Beschwerdemanagement: Gestaltung eines Beschwerdenanagementprozesses anhand eines Beispiels aus der Hotellerie


Studienarbeit, 2007
38 Seiten, Note: 1,0

Leseprobe

Inhaltsverzeichnis

1 Einleitung

2 Grundlagen
2.1 Beschwerdedefinition
2.2 Beschwerdearten
2.2.1 Beschwerden
2.2.2 Reklamationen
2.3 Beschwerdemanagement – Instrument der Kundenzufriedenheit
2.3.1 Erläuterung
2.3.2 Kunden-(un)-zufriedenheit
2.3.3 Entstehung von Kundenunzufriedenheit
2.4 Beschwerdeverhalten
2.4.1 Aus Sicht der Mitarbeiter
2.4.2 Aus Sicht der Kunden

3 Beschwerdemanagement am Beispiel eines Vier-Sterne-Hotels
3.1 Das Hotel Santo
3.2 Analyse des Beschwerdeprozess-Ist-Zustandes
3.2.1 Fragebogen Direktion
3.2.2 Fragebogen Mitarbeiter
3.3 Zusammenfassung der Ist-Analyse

4 Gestaltung eines Beschwerdemanagementprozesses
4.1 Der direkte Prozess
4.1.1 Beschwerdestimulierung
4.1.2 Beschwerdeannahme
4.1.3 Beschwerdebearbeitung und -reaktion
4.2 Der indirekte Prozess
4.2.1 Beschwerdeauswertung
4.2.2 Beschwerdemanagement-Controlling

5 Wichtige Kriterien des Beschwerdemanagements
5.1 Personalpolitische Aspekte
5.2 Organisatorische Aspekte
5.3 Technologische Aspekte

6 Zusammenfassung

Quellenverzeichnis

Abbildungsverzeichnis

Anlagen
Anlage 1: Fragebogen Direktion
Anlage 2: Fragebogen Mitarbeiter
Anlage 3: Meinungskarte Bar
Anlage 4: Chancenblatt

Erklärung

1 Einleitung

„Unsere Kunden[1] sind zufrieden.

Die geringe Zahl von eingehenden Beschwerden bestätigt dies!“

Dieses Vorurteil findet man häufig in Dienstleistungsunternehmen, nur leider ist diese Aussage alles andere als richtig, denn geringe Beschwerdezahlen sind keineswegs ein aussagekräftiger Parameter für Kundenzufriedenheit. Da es sich in der Gastronomie und Hotellerie hauptsächlich um immaterielle, personenbezogene Dienstleistungen handelt, d. h. um weder sicht- noch greifbare Leistungen, und somit ein Problem weder mit Umtausch noch mit Rückgabe gelöst werden kann, wird der Beschwerdenutzen dementsprechend gering eingestuft.

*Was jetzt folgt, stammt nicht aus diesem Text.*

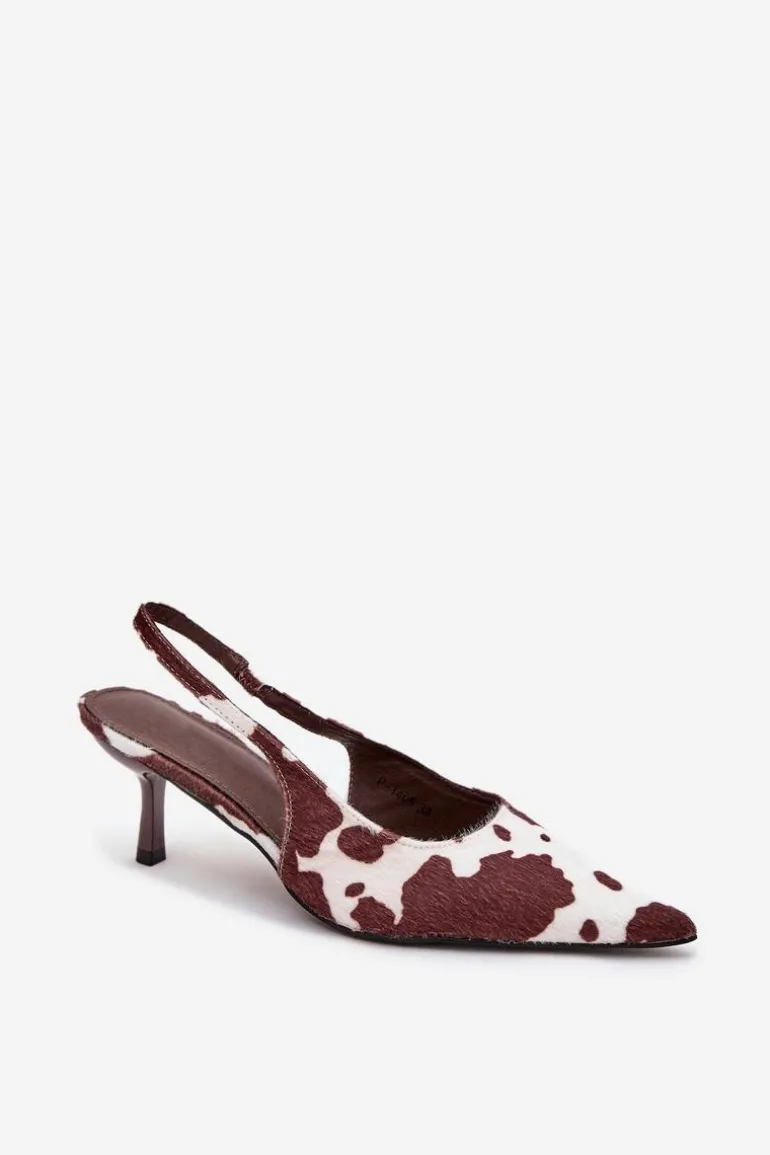 Czółenka Na Szpilce Z Odkrytą Piętą W Łaty Brązowo-Białe Talira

Scheinbar zufriedene Kunden üben jedoch häufig negative Kommunikation gegenüber Dritten aus. Sie beschweren sich nicht, weil es ihnen die Mühe nicht wert ist. Sie werden höchstwahrscheinlich einfach nie wieder zurückkommen. Dabei ist die Motivation des Kunden zur Äußerung von Kritik erfolgversprechend für das Unternehmen, denn durch intensives Bemühen um die Zufriedenheit der Kunden bieten die ungeliebten Beschwerden enorme Chancen zur Verbesserung.

Warum beschweren sich Kunden? Ein Kunde, der sich beschwert, muss nicht zwangsläufig ein Nörgler, Abzocker oder Besserwisser sein. Ganz im Gegenteil, ein sich beschwerender Kunde kann ein sehr loyaler Kunde sein, denn er gibt dem Unternehmen eine zweite Chance und verlässt es nicht schweigend. Aus diesem Grund muss aktiv mit einem Beschwerdesystem gearbeitet und auf den Kunden eingegangen werden, denn dem Kunden wird es durch die Vielzahl von Mitbewerbern leicht gemacht, abzuwandern.

Um den gesamten Beschwerdeprozess effektiv zu gestalten, handelt das kundenorientierte Unternehmen nach Richtlinien eines Beschwerdemanagementsystems. Dieses zu entwickeln ist eine komplexe Angelegenheit und verlangt konsequente Kundenorientierung im ganzen Unternehmen, jedoch zahlen sich diese mittelfristigen Veränderungsprozesse im wahrsten Sinne des Wortes aus.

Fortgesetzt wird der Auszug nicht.